(INPUT FOR THIS TASK):
>>>>
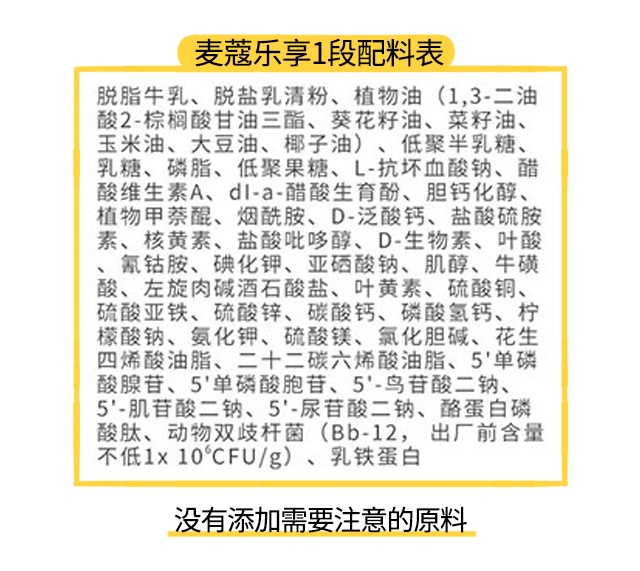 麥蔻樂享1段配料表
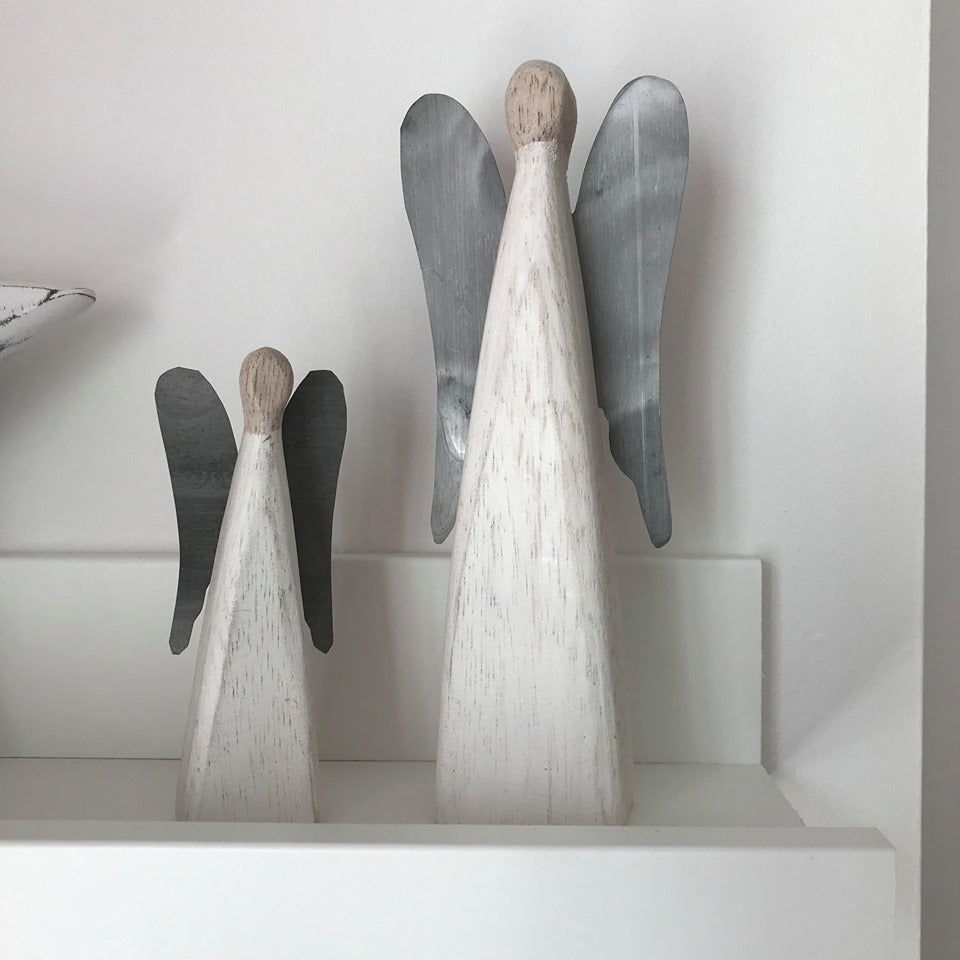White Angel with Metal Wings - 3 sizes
<<<<
>>>>
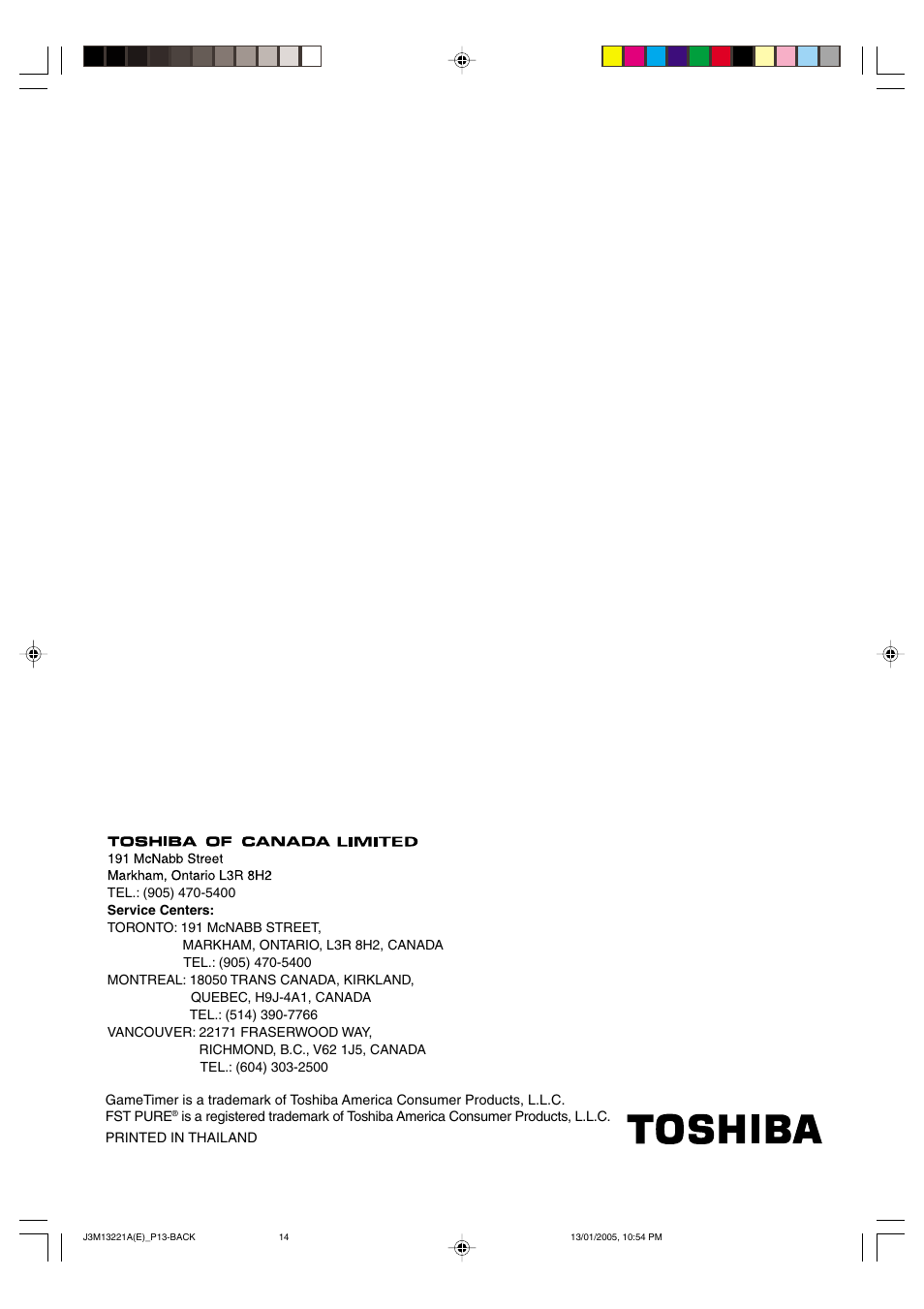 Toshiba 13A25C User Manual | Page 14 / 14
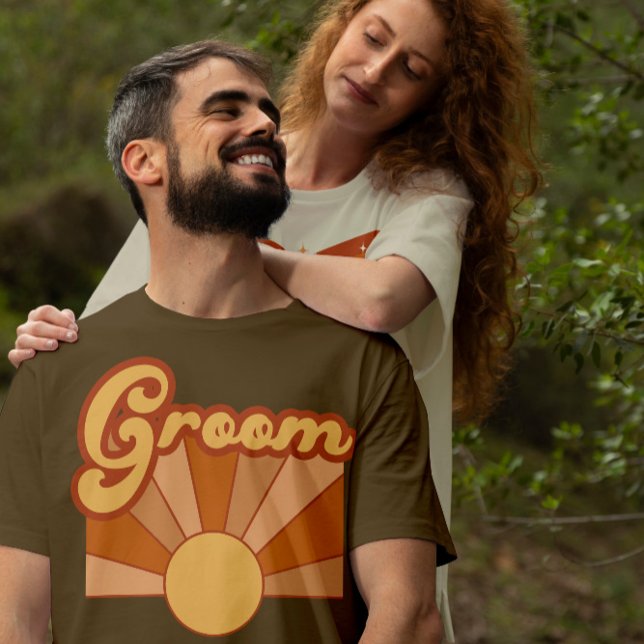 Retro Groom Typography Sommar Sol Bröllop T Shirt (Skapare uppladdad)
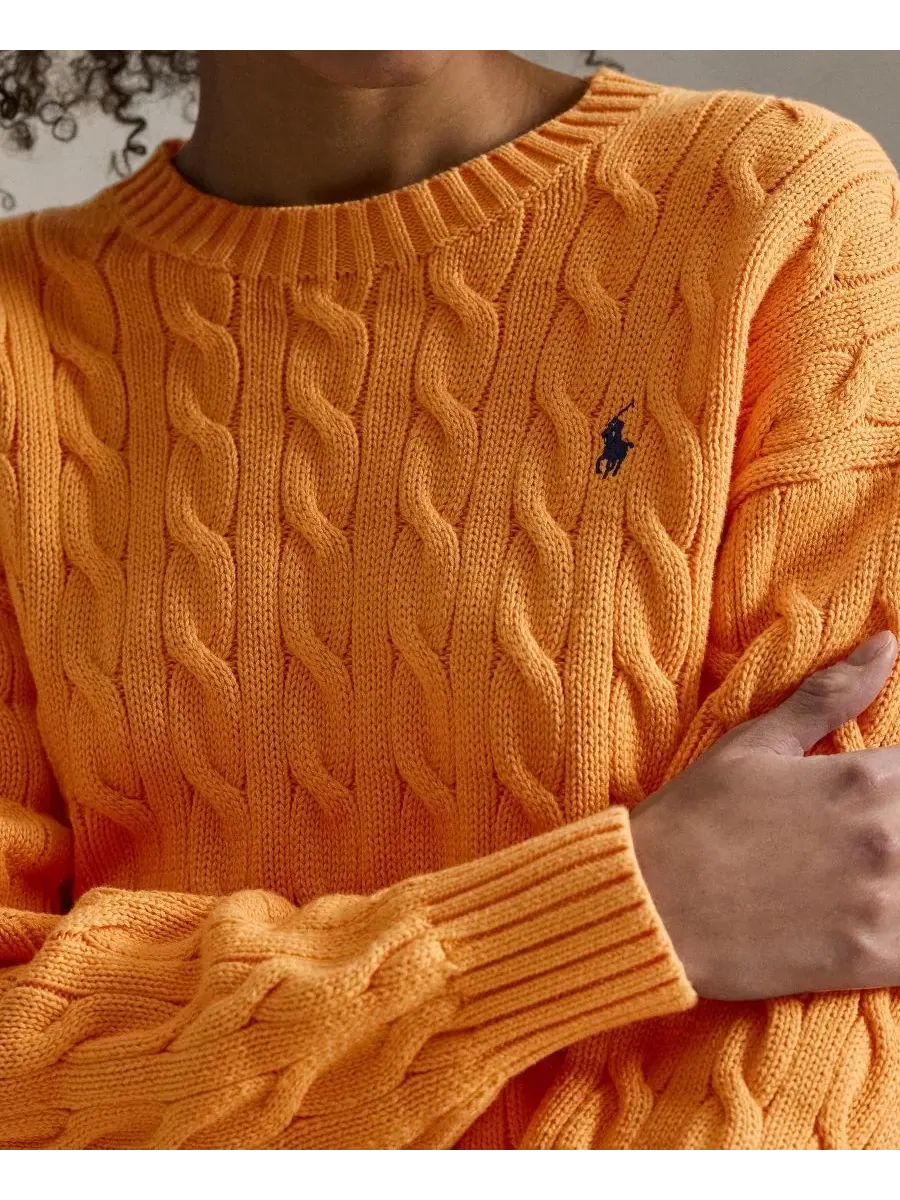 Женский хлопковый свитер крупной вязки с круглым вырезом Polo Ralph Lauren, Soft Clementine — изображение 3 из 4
<<<<
Beginning with the line that contains "Retro Groom Typography" and ending with the line that contains "Женский хлопковый свитер", reproduce the listing exactly, pictures excluded.

 Retro Groom Typography Sommar Sol Bröllop T Shirt (Skapare uppladdad)
 Женский хлопковый свитер крупной вязки с круглым вырезом Polo Ralph Lauren, Soft Clementine — изображение 3 из 4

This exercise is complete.